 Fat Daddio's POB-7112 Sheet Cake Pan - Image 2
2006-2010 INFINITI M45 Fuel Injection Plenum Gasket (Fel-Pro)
...
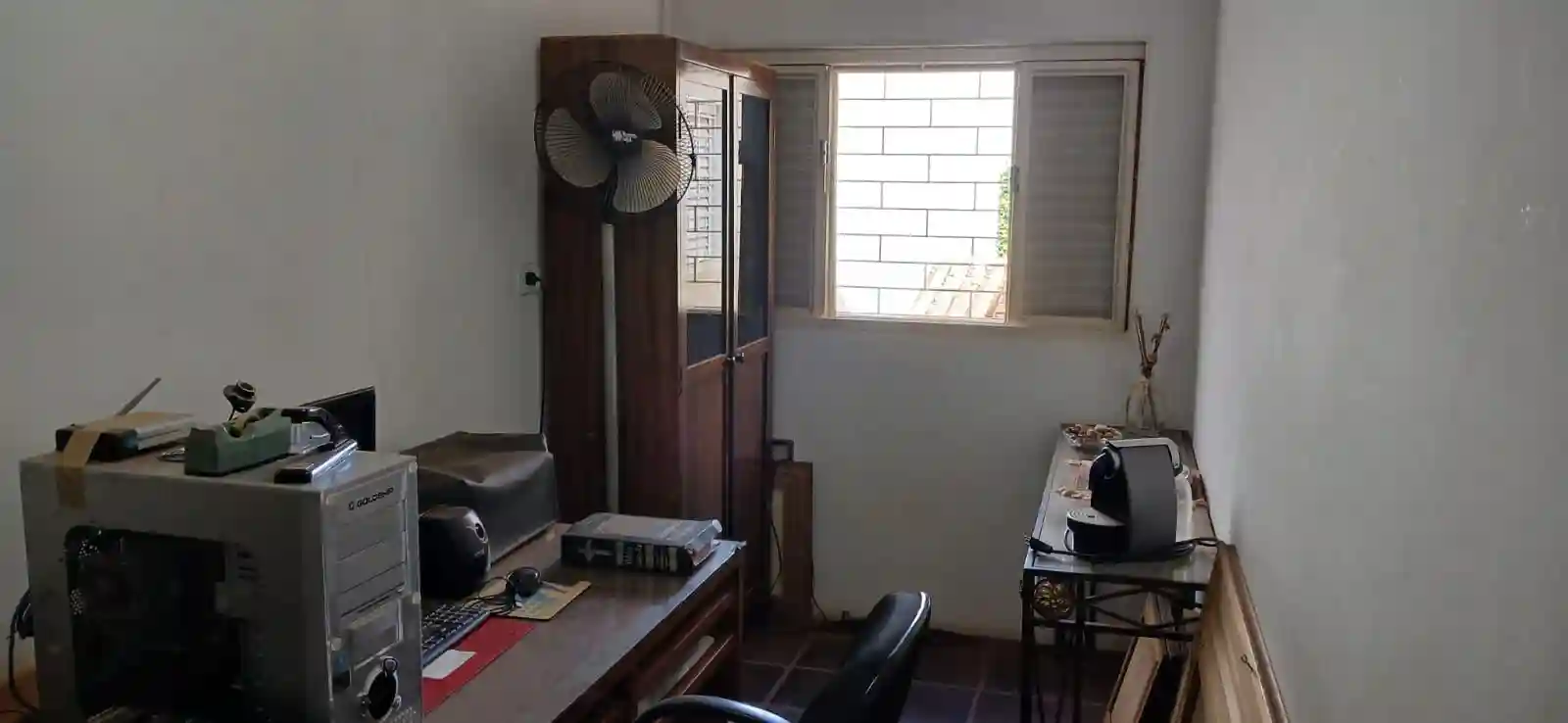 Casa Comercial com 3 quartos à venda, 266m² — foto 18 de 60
---
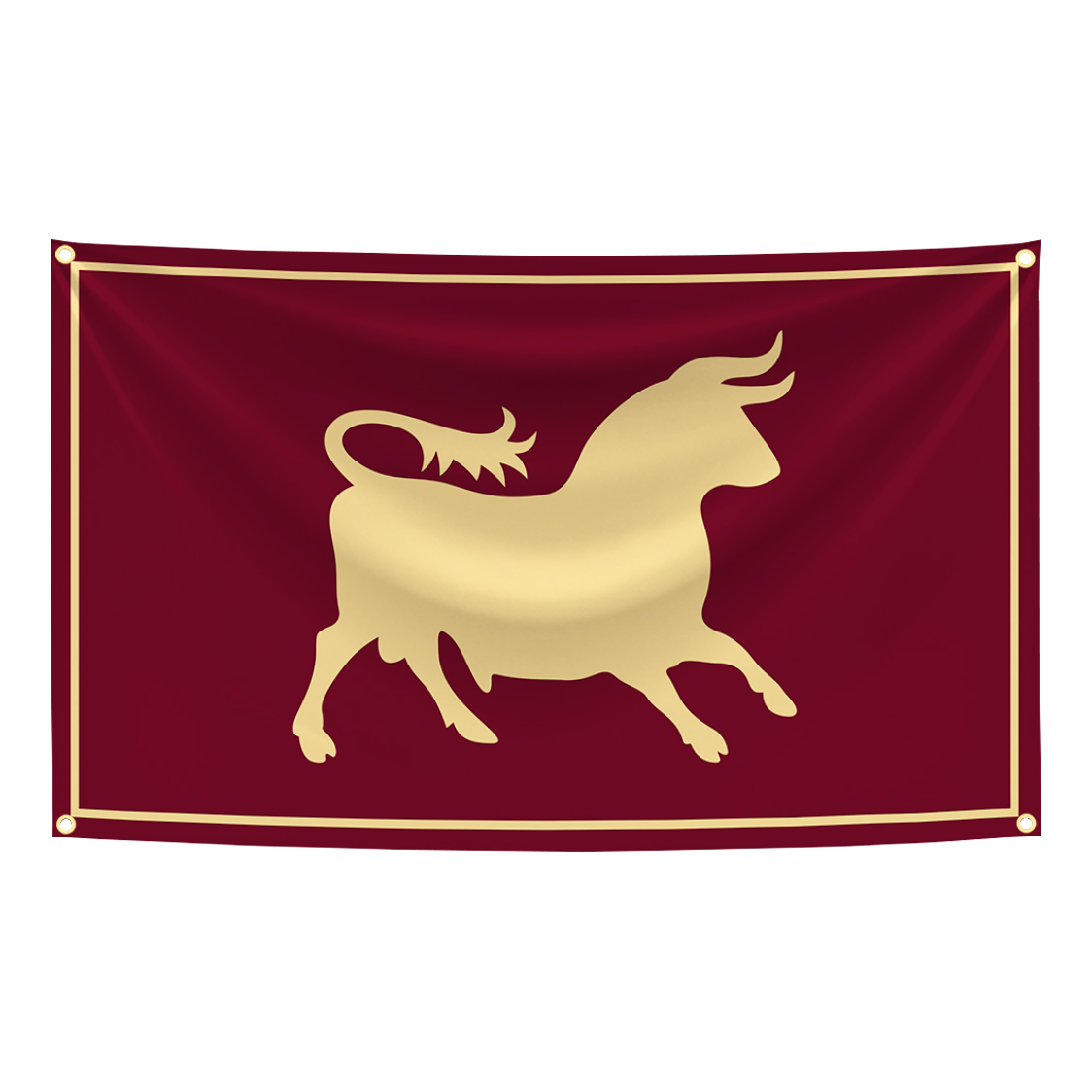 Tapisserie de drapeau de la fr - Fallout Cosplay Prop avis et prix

- Assignment
Taking the entries above, write out exactly each line from the one holding "Fat Daddio's POB-7112" to the one holding "2006-2010 INFINITI M45", both included, and stop there.

- Answer for the task
 Fat Daddio's POB-7112 Sheet Cake Pan - Image 2
2006-2010 INFINITI M45 Fuel Injection Plenum Gasket (Fel-Pro)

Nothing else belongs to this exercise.